• WHAT TO WORK ON:
When you give the entries again, keep every word as it stands and drop the pictures.

Stored data:
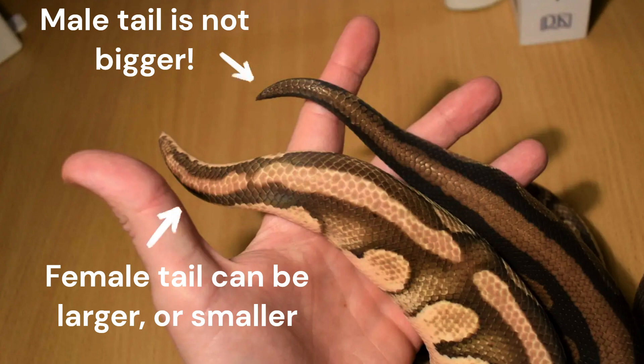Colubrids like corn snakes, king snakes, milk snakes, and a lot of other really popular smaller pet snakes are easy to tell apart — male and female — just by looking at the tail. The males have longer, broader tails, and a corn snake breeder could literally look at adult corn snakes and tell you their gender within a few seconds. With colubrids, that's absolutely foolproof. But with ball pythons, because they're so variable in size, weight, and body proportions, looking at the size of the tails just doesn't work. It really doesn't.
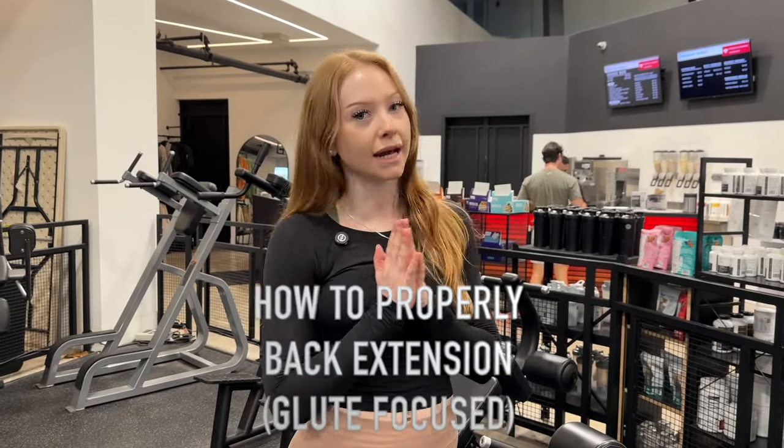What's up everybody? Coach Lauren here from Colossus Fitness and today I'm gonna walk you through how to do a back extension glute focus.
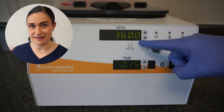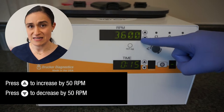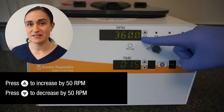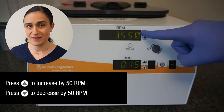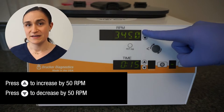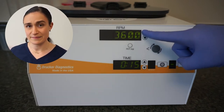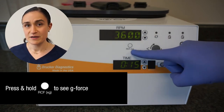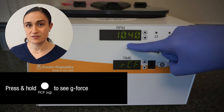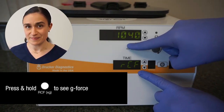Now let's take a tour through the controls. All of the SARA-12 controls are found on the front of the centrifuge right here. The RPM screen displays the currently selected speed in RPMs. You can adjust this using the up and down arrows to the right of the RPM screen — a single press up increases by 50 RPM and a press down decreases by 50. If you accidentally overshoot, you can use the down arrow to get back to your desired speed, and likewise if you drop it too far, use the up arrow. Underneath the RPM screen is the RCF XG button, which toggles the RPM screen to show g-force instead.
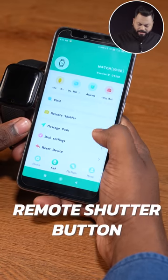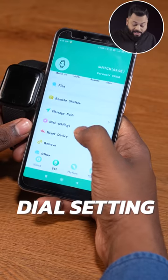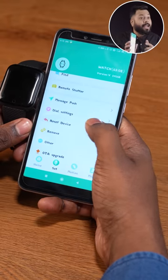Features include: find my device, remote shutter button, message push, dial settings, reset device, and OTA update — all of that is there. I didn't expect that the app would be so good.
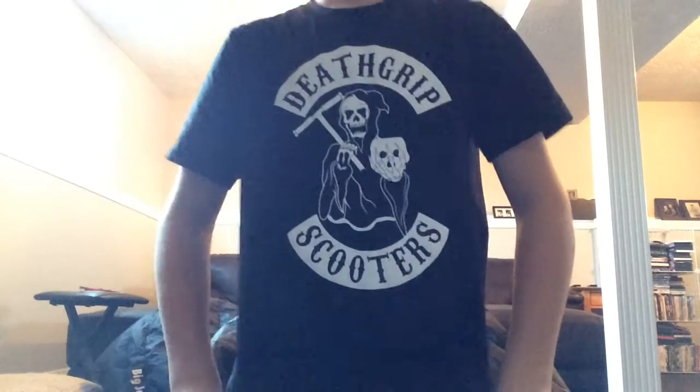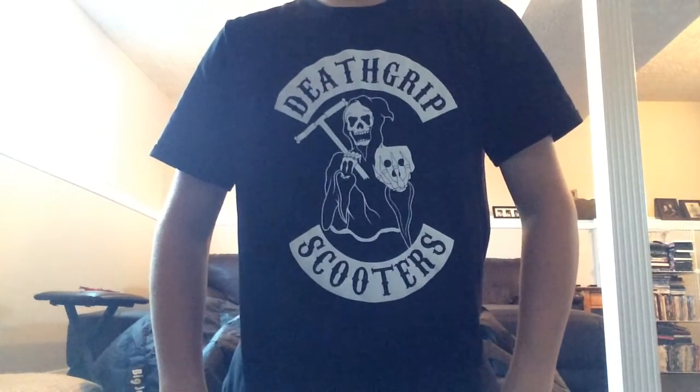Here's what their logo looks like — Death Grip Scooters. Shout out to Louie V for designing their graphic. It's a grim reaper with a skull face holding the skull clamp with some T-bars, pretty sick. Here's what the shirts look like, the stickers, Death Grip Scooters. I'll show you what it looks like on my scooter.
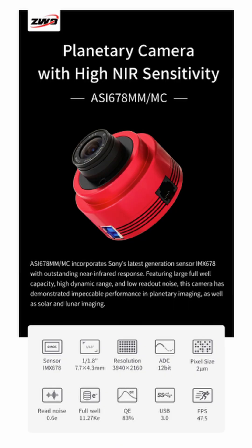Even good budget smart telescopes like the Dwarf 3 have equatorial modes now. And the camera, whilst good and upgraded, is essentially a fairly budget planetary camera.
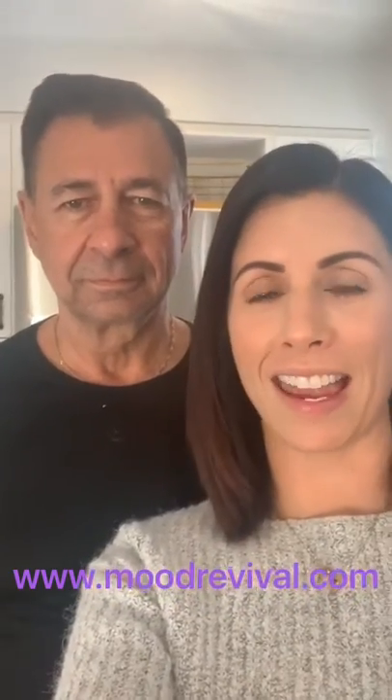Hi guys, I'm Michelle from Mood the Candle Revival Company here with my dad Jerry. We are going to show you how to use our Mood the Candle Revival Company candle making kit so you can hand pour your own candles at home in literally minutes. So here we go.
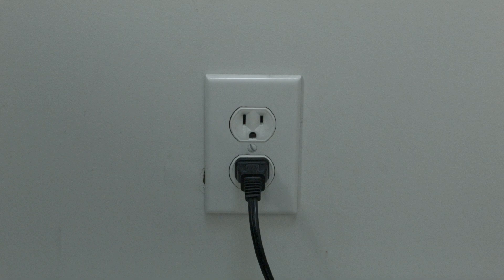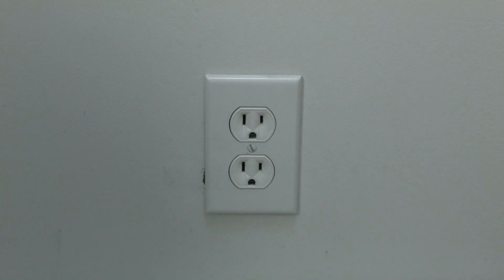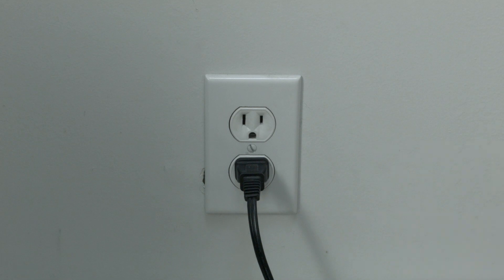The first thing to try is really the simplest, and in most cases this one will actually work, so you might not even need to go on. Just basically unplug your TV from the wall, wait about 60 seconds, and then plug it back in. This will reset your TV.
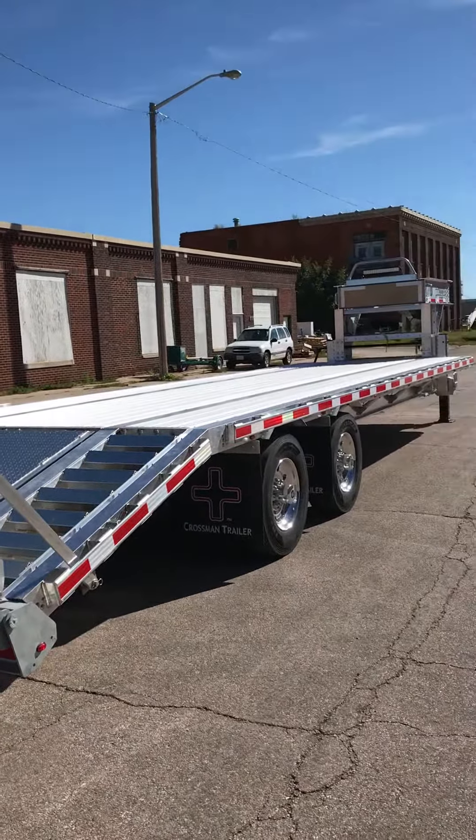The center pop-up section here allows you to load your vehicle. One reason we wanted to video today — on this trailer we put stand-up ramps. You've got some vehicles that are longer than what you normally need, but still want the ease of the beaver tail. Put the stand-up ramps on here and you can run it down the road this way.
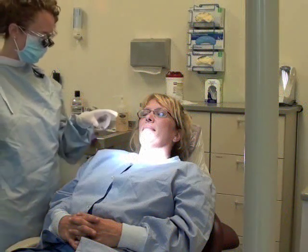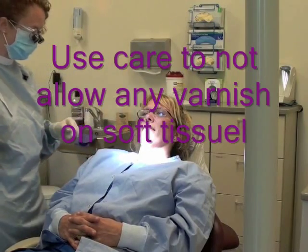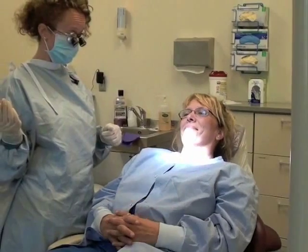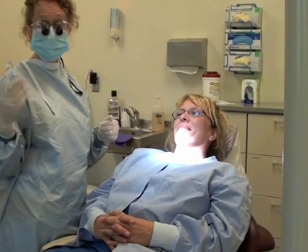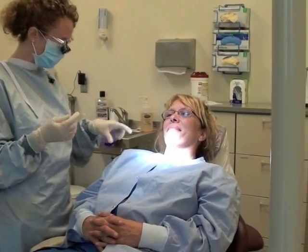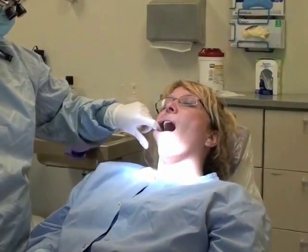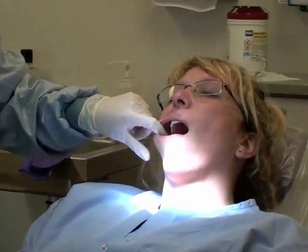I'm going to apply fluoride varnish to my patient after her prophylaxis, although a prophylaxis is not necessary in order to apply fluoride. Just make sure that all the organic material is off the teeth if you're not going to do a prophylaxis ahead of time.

• TASK RESPONSE:
Colubrids like corn snakes, king snakes, milk snakes, and a lot of other really popular smaller pet snakes are easy to tell apart — male and female — just by looking at the tail. The males have longer, broader tails, and a corn snake breeder could literally look at adult corn snakes and tell you their gender within a few seconds. With colubrids, that's absolutely foolproof. But with ball pythons, because they're so variable in size, weight, and body proportions, looking at the size of the tails just doesn't work. It really doesn't.
What's up everybody? Coach Lauren here from Colossus Fitness and today I'm gonna walk you through how to do a back extension glute focus.
Now let's take a tour through the controls. All of the SARA-12 controls are found on the front of the centrifuge right here. The RPM screen displays the currently selected speed in RPMs. You can adjust this using the up and down arrows to the right of the RPM screen — a single press up increases by 50 RPM and a press down decreases by 50. If you accidentally overshoot, you can use the down arrow to get back to your desired speed, and likewise if you drop it too far, use the up arrow. Underneath the RPM screen is the RCF XG button, which toggles the RPM screen to show g-force instead.
Features include: find my device, remote shutter button, message push, dial settings, reset device, and OTA update — all of that is there. I didn't expect that the app would be so good.
Here's what their logo looks like — Death Grip Scooters. Shout out to Louie V for designing their graphic. It's a grim reaper with a skull face holding the skull clamp with some T-bars, pretty sick. Here's what the shirts look like, the stickers, Death Grip Scooters. I'll show you what it looks like on my scooter.
Even good budget smart telescopes like the Dwarf 3 have equatorial modes now. And the camera, whilst good and upgraded, is essentially a fairly budget planetary camera.
Hi guys, I'm Michelle from Mood the Candle Revival Company here with my dad Jerry. We are going to show you how to use our Mood the Candle Revival Company candle making kit so you can hand pour your own candles at home in literally minutes. So here we go.
The first thing to try is really the simplest, and in most cases this one will actually work, so you might not even need to go on. Just basically unplug your TV from the wall, wait about 60 seconds, and then plug it back in. This will reset your TV.
The center pop-up section here allows you to load your vehicle. One reason we wanted to video today — on this trailer we put stand-up ramps. You've got some vehicles that are longer than what you normally need, but still want the ease of the beaver tail. Put the stand-up ramps on here and you can run it down the road this way.
I'm going to apply fluoride varnish to my patient after her prophylaxis, although a prophylaxis is not necessary in order to apply fluoride. Just make sure that all the organic material is off the teeth if you're not going to do a prophylaxis ahead of time.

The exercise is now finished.